ESKİ YÖNTEMLER DEVREDE
Avrupa'da çevreci olmadığı gerekçesiyle zamanla azaltılan kömür ve nükleer enerji santrallerinin yenilenerek kademeli olarak tekrar devreye alınması ve ömürlerinin uzatılması gündeme geldi. Rusya'nın savaş öncesindeki agresif tutumunu dikkate alıp önlem almayan, özellikle enerjide Moskova'ya bağımlılığını azaltmak için alternatif üretmeyen devletlerde, şu an derin bir korku yaşanıyor.
Örneğin Almanya, soğuk kış günlerinde vatandaşların ısınma sorununa çare bulmak ve sanayinin enerji ihtiyacını karşılamak için kömüre dönüş başlattı. Rusya'nın gaz gönderimini kısıtlamasının ardından ülkenin iki meclisi, kömürle çalışan elektrik santrallerini yeniden çalışır hale getirmeyi kapsayan yasayı onayladı.
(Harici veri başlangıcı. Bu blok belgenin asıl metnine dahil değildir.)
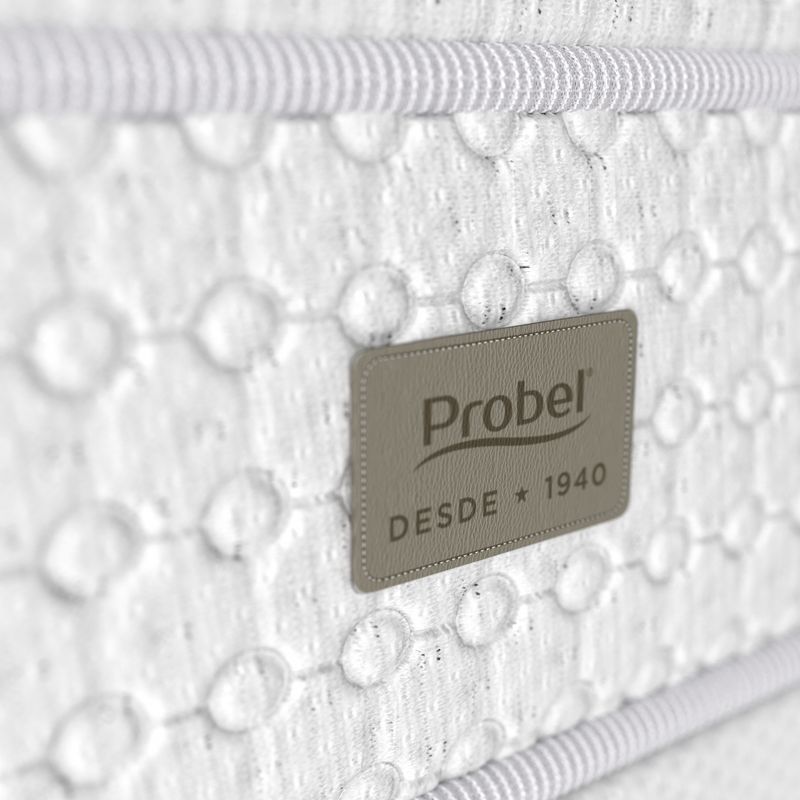 Conjunto Box Queen Mola Ensacada Probel Divino Soft - Imagem 6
TASARRUF ÇAĞRILARI BAŞLADI
Krizin sadece bu yolla çözülemeyeceğinin farkında olan Başbakan Olaf Scholz, Alman halkına da seslenerek, "Önümüzdeki aylarda hepimiz sanayi, haneler, kasabalar ve topluluklar ne kadar çok enerji tasarrufu yaparsak o kadar iyi" dedi.
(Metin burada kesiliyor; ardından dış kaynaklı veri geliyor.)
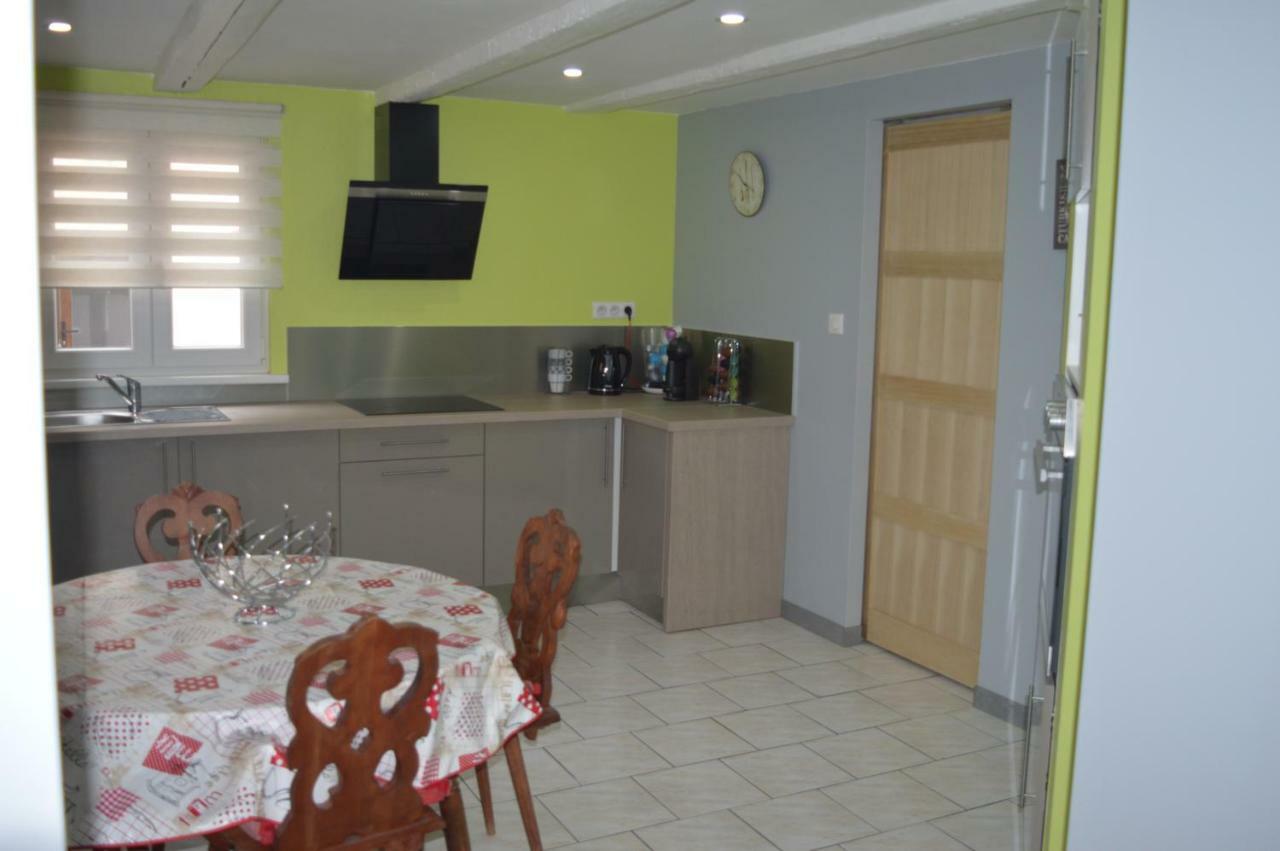 Gite de la kirneck Valff Exterior foto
Öte yandan geç de olsa Rus gazına alternatif arayışına giren Avrupa, Azerbaycan'a yöneldi. Önceki gün Bakü'ye giden Avrupa Birliği Komisyonu Başkanı Ursula von der Leyen, Cumhurbaşkanı İlham Aliyev ile enerjide işbirliği anlaşması yaptı. Aliyev, bu hamleyle Avrupa'nın enerji haritasını tamamen değiştirdiğini vurgularken, Leyen ise ilk etapta Azerbaycan'dan gaz ihracının ikiye katlanacağını söyledi.
Ukrayna'ya saldırıdan önce bile Rusya'nın Avrupa için güvenilir bir enerji ortağı olmadığını söyleyen Leyen, "AB, ek kaynakların çeşitlendirilmesine odaklandı ve güvenilir ortaklarla çalışmaya başladı. Bu anlaşma aracılığıyla Güney Gaz Koridoru'nun genişletilmesine olan bağlılığımızı ifade ediyoruz. Avrupa'ya her yıl 8 milyar metreküp doğalgaz aktarıyoruz ve ilerleyen yıllarda bu hacmi 20 milyar metreküpe çıkaracağız. İlk etapta önümüzdeki yıl ise 12 milyar metreküpe çıkaracağız ve bu Rusya'dan kesilen gazın telafisine ve Avrupa'nın enerji arzına önemli katkı sağlayacak" ifadelerini kullandı.
ZARARSIZ ÇIKMAK İMKANSIZ
Türkiye'nin de kritik önemde olduğu Güney Gaz Koridoru Avrupa'nın tedarik sorununu şimdilik çözecek gibi görünse de artan maliyetlerin etkisinden nasıl kurtulacağı net değil. Tedarik zincirlerindeki bozulma, artan hammadde kıtlığı ve enerji piyasalarında savaşın neden olduğu belirsizlik dünya çapında fiyatları yükseltmeye devam ediyor. Bu olumsuz süreçten Türkiye de dahil hiçbir ülkenin bireysel tedbirlerle zararsız çıkması imkansız ancak iyi planlamalarla zararın en aza indirilmesi mümkün olabilir. Ülkemizin bugüne kadar doğalgazda dışa bağımlılığı azaltmaya yönelik yaptığı çalışmaların olumlu sonuçları önümüzdeki süreçte daha net ortaya çıkacak.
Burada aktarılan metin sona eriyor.